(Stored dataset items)
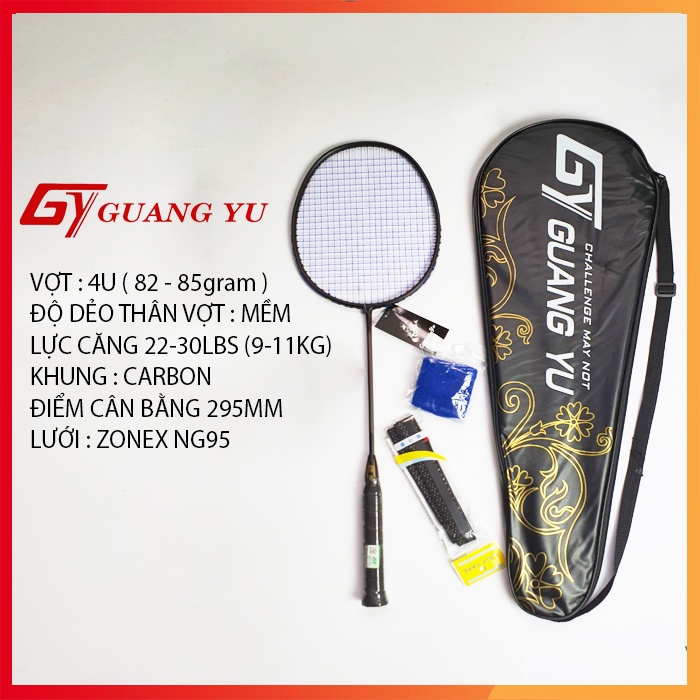 Vợt Cầu Lông 4u Carbon Guangyu thân vợt trợ lực tay cực tốt trọng lượng 82-85gram lưới đan sẵn 9kg - V01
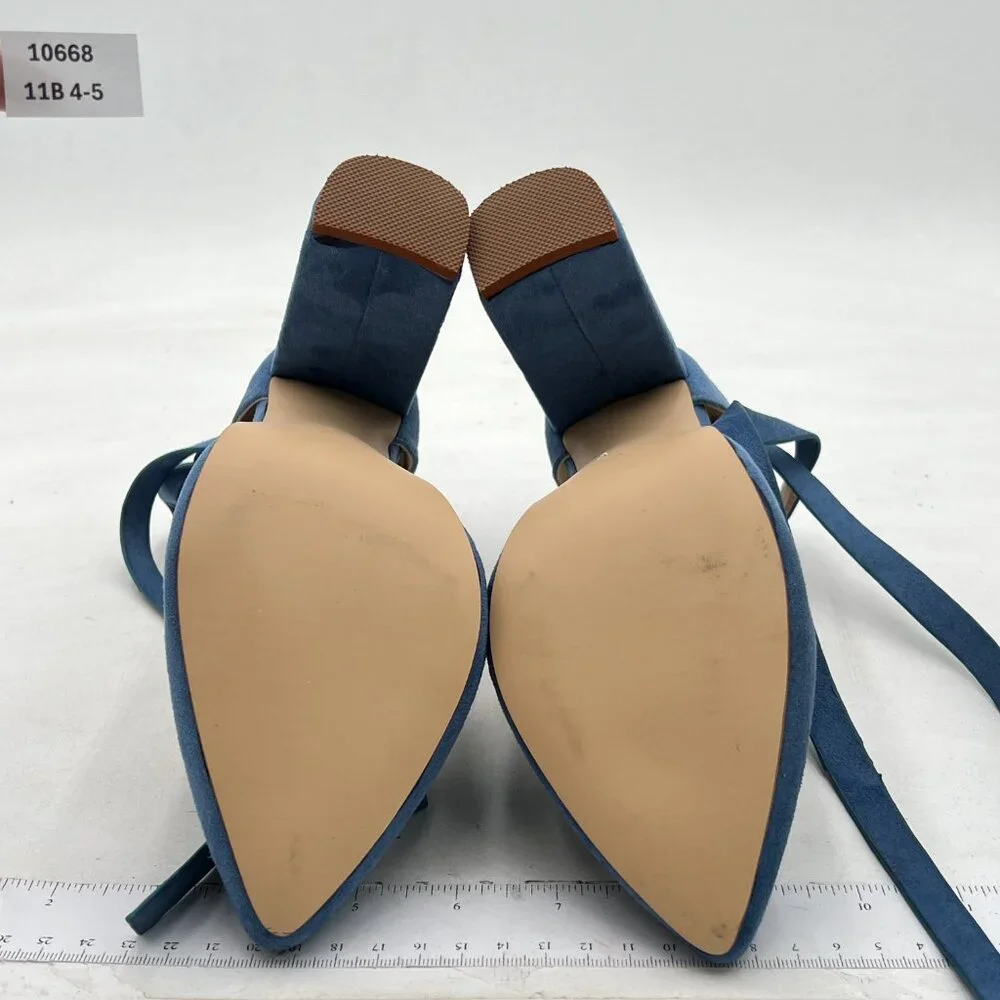 FSJ Steel Blue Faux Suede Chunky Heel D'Orsay Pointed Toe Ankle Strap Pump - Picture 7 of 8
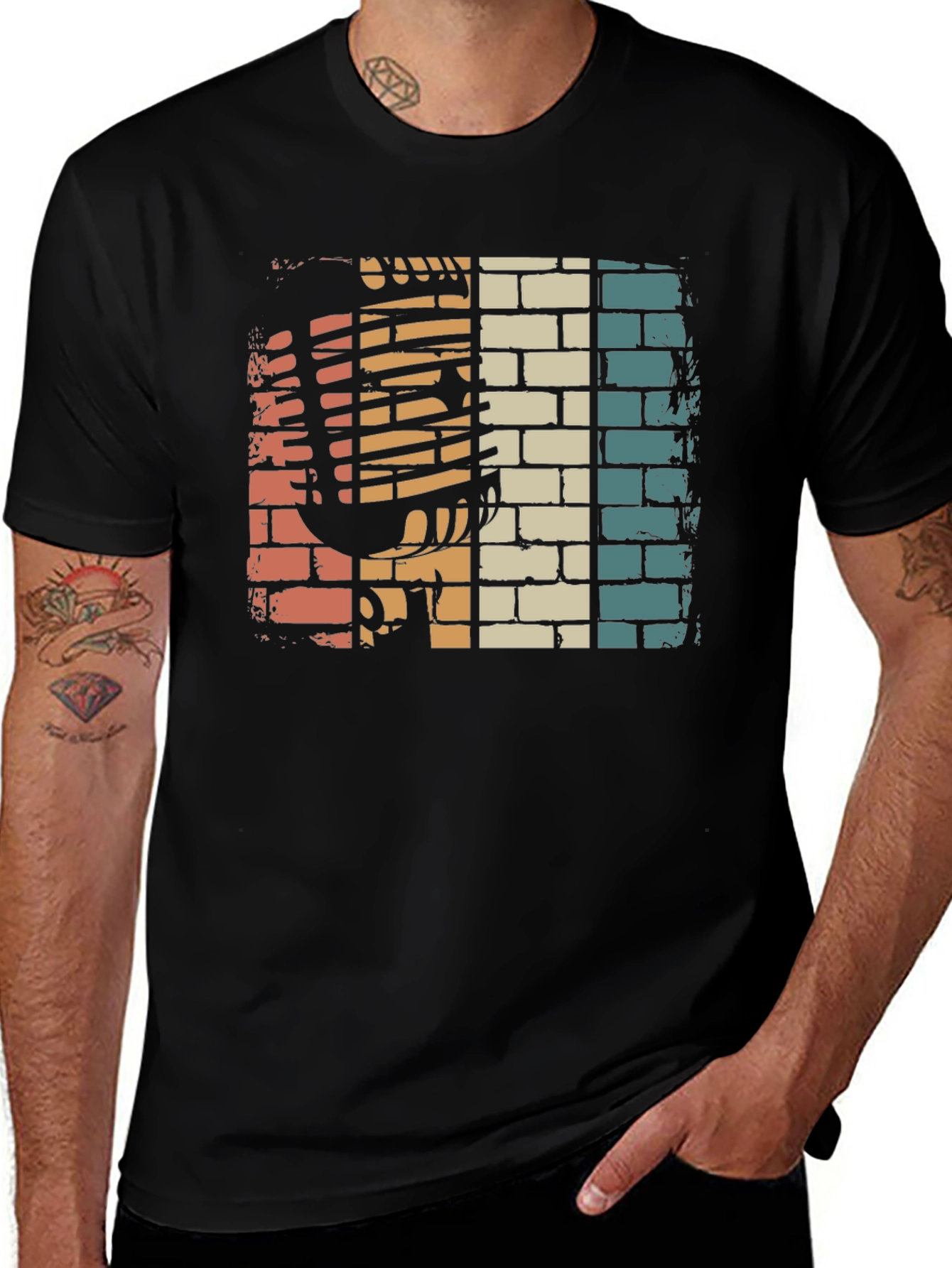 Variant 11 of Vintage Brick Wall Microphone Graphic T-Shirt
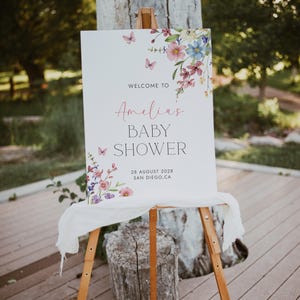 Wildflower Baby Shower Welcome Sign Template Boho Flowers Welcome Poster Pink Butterflies Wildflower Welcome Sign Baby in Bloom Shower| B009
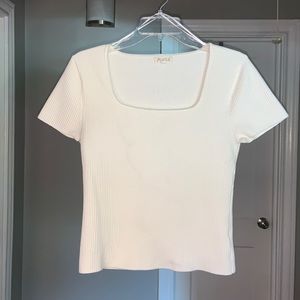 Marled women’s ribbed square necked tee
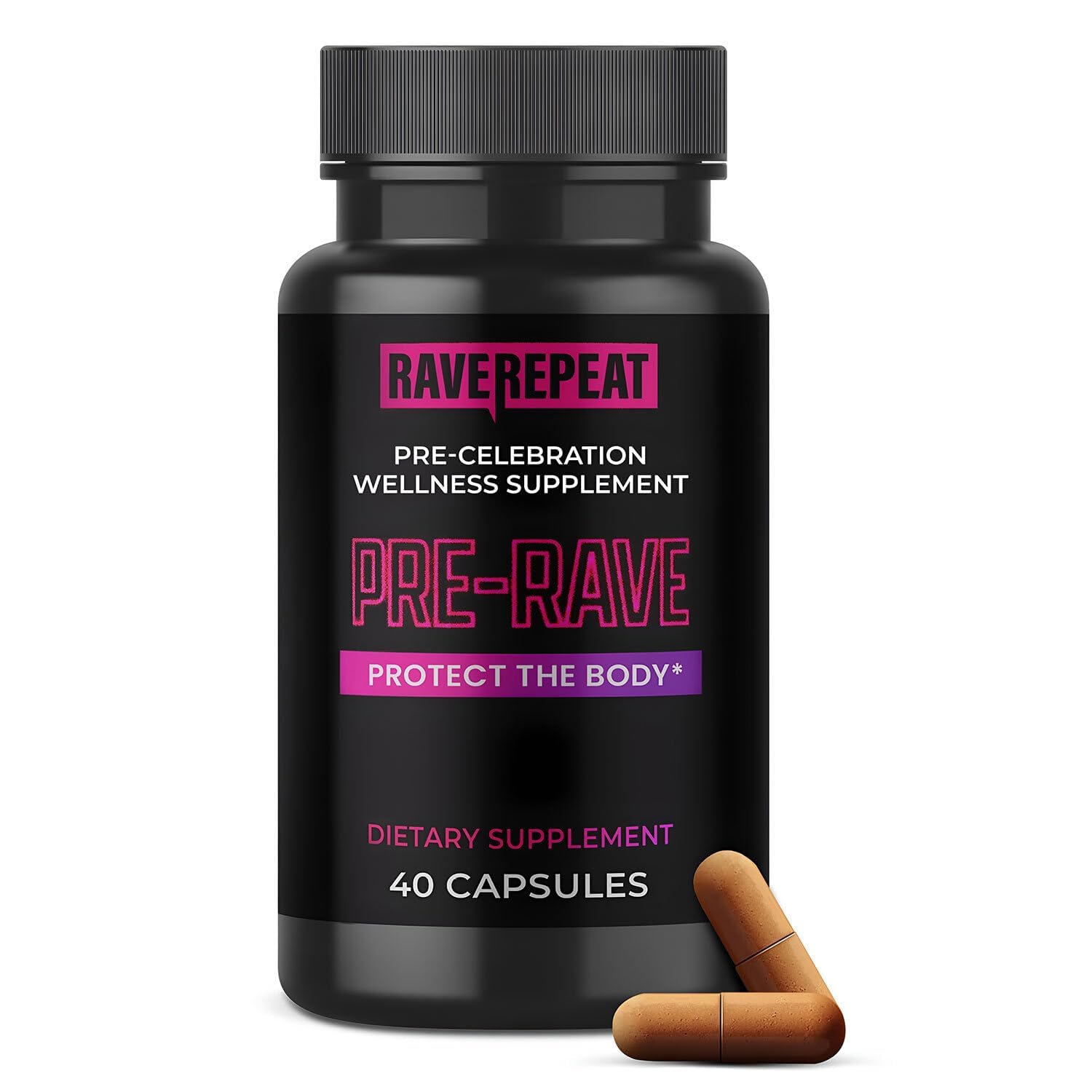 Rave Repeat Pre-Rave cápsulas, impulso de energía para la noche en la fiesta.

Work to be completed: Only the text of the entries belongs in the answer, copied exactly; the pictures stay out.

The completed task:
 Vợt Cầu Lông 4u Carbon Guangyu thân vợt trợ lực tay cực tốt trọng lượng 82-85gram lưới đan sẵn 9kg - V01
 FSJ Steel Blue Faux Suede Chunky Heel D'Orsay Pointed Toe Ankle Strap Pump - Picture 7 of 8
 Variant 11 of Vintage Brick Wall Microphone Graphic T-Shirt
 Wildflower Baby Shower Welcome Sign Template Boho Flowers Welcome Poster Pink Butterflies Wildflower Welcome Sign Baby in Bloom Shower| B009
 Marled women’s ribbed square necked tee
 Rave Repeat Pre-Rave cápsulas, impulso de energía para la noche en la fiesta.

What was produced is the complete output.